Section 104 of the Code further provides appeals from certain orders. Similarly, under Order 43 Rule 1of the Code, certain appeals are prescribed against certain orders, but once the suit has been dismissed irrespective of the fact that counter claim has been contested, but for all intents and purposes the court is bound to draw the decree qua such suit. In any case, the court has dismissed the suit by specific order dated 27.9.2010 and court further proceeded to deal with the counter claim, as such, order in any case should have been treated as decree. Having examined the judgment delivered in the case of Swaran Versus Gram Panchayat, Malikpur 1998 (3) RCR (Civil) 46, the same is on different proposition. In the said case, the court had decided the preliminary issue holding that the court had the jurisdiction to try the suit. In that situation, certainly order was not appealable.
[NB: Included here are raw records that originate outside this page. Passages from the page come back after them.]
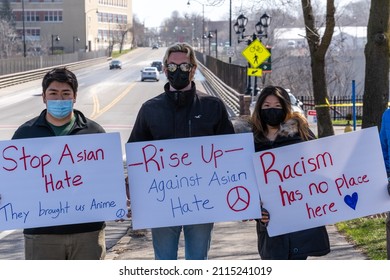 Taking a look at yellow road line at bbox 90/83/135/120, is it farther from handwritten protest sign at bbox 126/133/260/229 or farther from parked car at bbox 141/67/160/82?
handwritten protest sign at bbox 126/133/260/229

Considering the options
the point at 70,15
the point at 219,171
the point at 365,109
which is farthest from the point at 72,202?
the point at 70,15

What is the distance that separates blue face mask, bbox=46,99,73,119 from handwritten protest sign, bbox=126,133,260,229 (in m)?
0.54

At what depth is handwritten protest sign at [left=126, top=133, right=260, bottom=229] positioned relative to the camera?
5121 millimetres

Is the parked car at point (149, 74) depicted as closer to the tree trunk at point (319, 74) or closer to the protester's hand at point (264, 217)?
the tree trunk at point (319, 74)

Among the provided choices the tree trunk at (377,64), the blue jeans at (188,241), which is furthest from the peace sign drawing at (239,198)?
the tree trunk at (377,64)

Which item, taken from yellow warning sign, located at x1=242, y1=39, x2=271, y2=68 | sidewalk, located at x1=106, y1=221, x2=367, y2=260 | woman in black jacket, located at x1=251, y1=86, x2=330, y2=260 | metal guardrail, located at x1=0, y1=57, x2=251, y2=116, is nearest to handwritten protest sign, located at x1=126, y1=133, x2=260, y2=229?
woman in black jacket, located at x1=251, y1=86, x2=330, y2=260

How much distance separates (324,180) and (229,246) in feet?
11.1

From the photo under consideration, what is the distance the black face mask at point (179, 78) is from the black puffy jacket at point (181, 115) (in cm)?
5

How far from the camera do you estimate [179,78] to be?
5078 millimetres

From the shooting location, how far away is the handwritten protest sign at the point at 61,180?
16.1ft

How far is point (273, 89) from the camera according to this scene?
200 inches

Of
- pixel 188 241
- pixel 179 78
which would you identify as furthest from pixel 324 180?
pixel 179 78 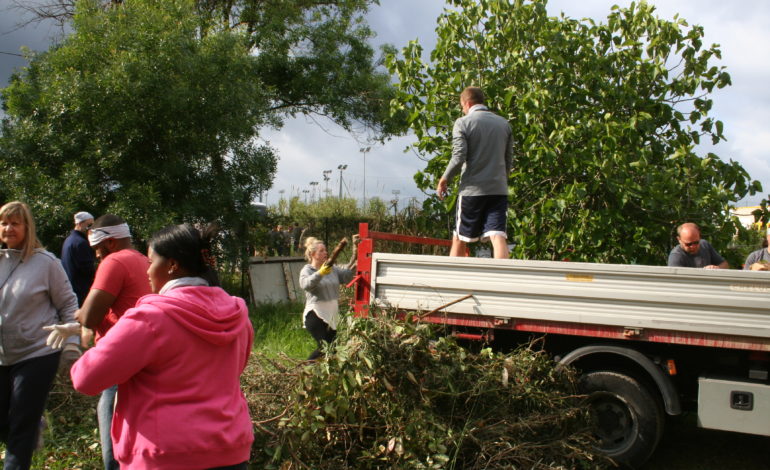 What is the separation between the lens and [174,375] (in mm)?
2336

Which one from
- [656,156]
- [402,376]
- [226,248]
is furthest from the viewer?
[226,248]

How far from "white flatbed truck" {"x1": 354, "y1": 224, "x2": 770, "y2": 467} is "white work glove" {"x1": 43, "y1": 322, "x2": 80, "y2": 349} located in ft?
6.72

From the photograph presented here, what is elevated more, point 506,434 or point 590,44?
point 590,44

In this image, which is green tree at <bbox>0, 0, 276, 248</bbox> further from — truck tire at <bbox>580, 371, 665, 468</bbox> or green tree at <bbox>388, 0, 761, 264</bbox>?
truck tire at <bbox>580, 371, 665, 468</bbox>

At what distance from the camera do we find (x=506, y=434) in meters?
4.23

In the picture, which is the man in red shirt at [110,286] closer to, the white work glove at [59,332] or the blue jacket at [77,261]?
the white work glove at [59,332]

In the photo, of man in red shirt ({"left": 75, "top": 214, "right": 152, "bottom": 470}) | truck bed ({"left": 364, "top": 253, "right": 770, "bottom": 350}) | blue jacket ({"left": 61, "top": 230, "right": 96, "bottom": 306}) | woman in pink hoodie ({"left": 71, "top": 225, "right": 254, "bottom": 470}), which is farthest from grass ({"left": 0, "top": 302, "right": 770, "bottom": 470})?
woman in pink hoodie ({"left": 71, "top": 225, "right": 254, "bottom": 470})

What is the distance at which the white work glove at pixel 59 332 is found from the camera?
376 centimetres

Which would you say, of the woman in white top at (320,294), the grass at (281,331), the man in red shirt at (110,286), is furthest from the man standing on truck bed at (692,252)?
the man in red shirt at (110,286)

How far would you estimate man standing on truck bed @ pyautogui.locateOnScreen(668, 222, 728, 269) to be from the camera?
19.2 feet

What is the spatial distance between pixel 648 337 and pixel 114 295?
3.31 meters

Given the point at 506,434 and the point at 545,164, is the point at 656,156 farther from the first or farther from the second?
the point at 506,434

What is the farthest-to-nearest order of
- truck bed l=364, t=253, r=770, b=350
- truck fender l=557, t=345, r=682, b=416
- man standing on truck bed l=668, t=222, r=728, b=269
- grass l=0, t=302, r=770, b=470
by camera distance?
man standing on truck bed l=668, t=222, r=728, b=269, grass l=0, t=302, r=770, b=470, truck fender l=557, t=345, r=682, b=416, truck bed l=364, t=253, r=770, b=350

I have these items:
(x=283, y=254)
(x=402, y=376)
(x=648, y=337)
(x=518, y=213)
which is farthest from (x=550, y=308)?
(x=283, y=254) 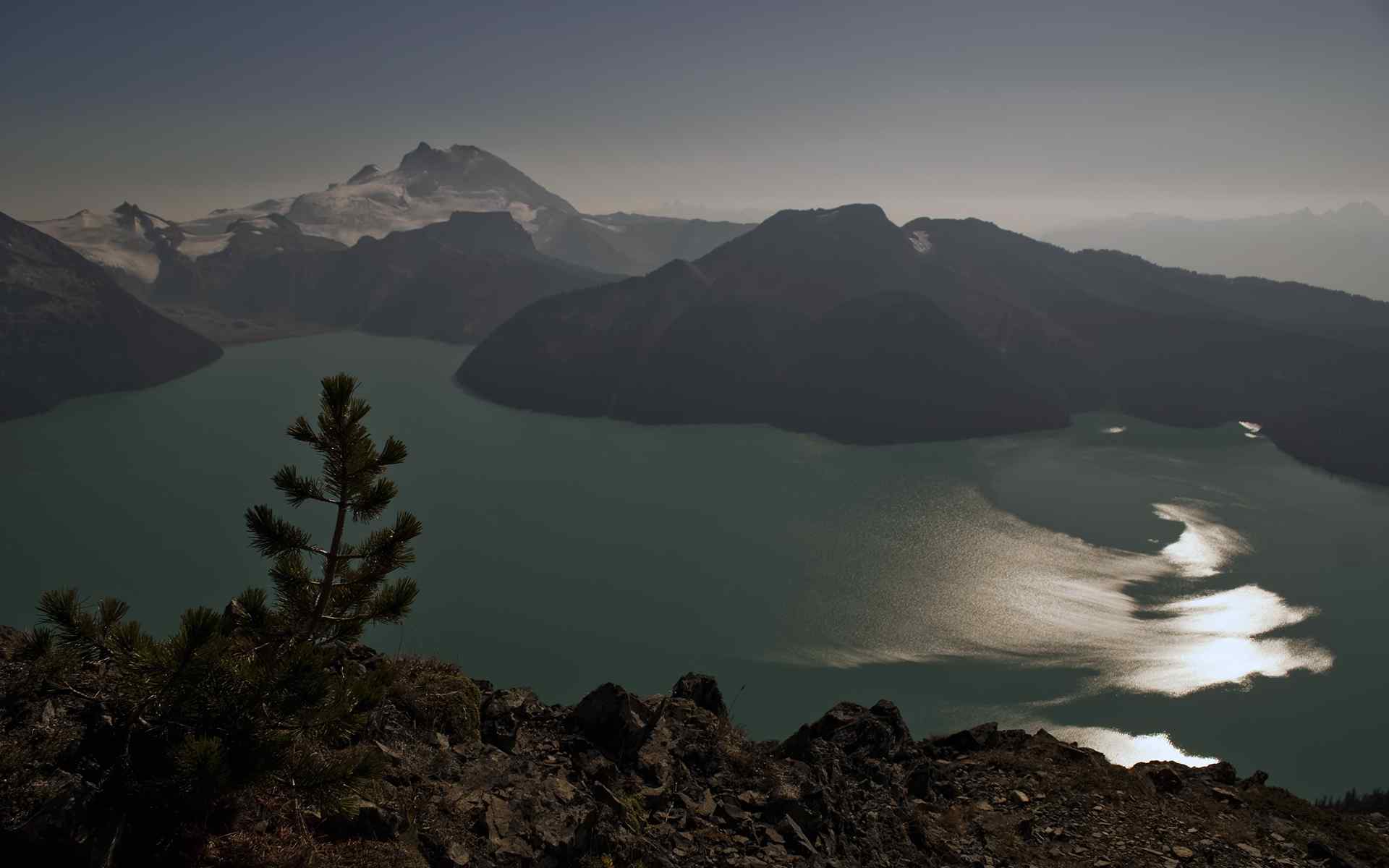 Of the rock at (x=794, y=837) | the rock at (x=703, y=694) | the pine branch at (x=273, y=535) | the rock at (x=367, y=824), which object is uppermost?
the pine branch at (x=273, y=535)

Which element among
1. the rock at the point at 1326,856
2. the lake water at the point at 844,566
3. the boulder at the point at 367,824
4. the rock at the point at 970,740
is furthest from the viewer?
the lake water at the point at 844,566

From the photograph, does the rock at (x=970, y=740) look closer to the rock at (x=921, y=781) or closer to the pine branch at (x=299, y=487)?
the rock at (x=921, y=781)

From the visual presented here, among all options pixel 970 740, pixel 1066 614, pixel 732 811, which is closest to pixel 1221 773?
pixel 970 740

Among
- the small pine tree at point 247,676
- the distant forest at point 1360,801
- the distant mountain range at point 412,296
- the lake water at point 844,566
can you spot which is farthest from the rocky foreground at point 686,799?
the distant mountain range at point 412,296

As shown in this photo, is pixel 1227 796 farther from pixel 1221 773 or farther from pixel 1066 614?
pixel 1066 614

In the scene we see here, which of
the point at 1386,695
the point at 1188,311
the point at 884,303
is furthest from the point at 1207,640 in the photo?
the point at 1188,311

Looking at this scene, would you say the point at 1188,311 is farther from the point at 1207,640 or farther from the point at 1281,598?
the point at 1207,640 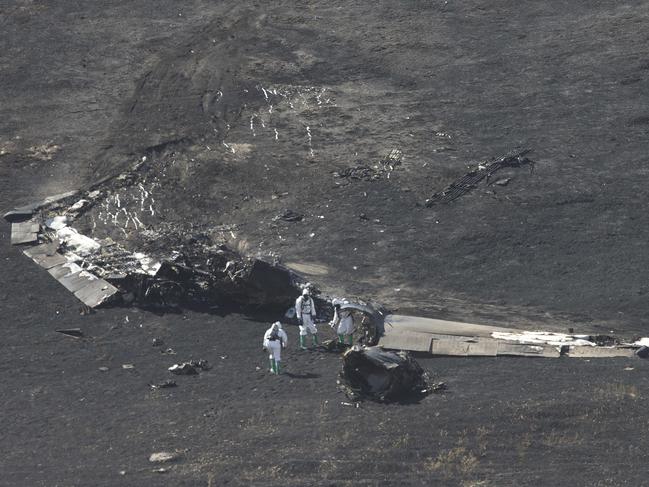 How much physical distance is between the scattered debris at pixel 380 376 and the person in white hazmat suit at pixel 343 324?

It is also settled proposition that once the suit is dismissed, the act of drawing the decree is of formal nature and if the court has omitted to draw the decree, then the court could be asked to perform its obligation, but merely formal act for non recording of the decree does not take the order disposing of the suit on the preliminary issue out of the purview of maintainability of the appeal. 10. Thus, the crux of the matter is that even if the counter claim was allowed to be continued, yet the suit was dismissed finally. Therefore, mere continuance of the counter claim would not convert the order dismissing the suit on the ground of limitation into an interlocutory order amenable to revision. But settled law is that if the suit is decided finally on a preliminary issue or otherwise, then that would amount to “decree” amenable to appeal. Consequently, finding no merits in the revision the same is dismissed.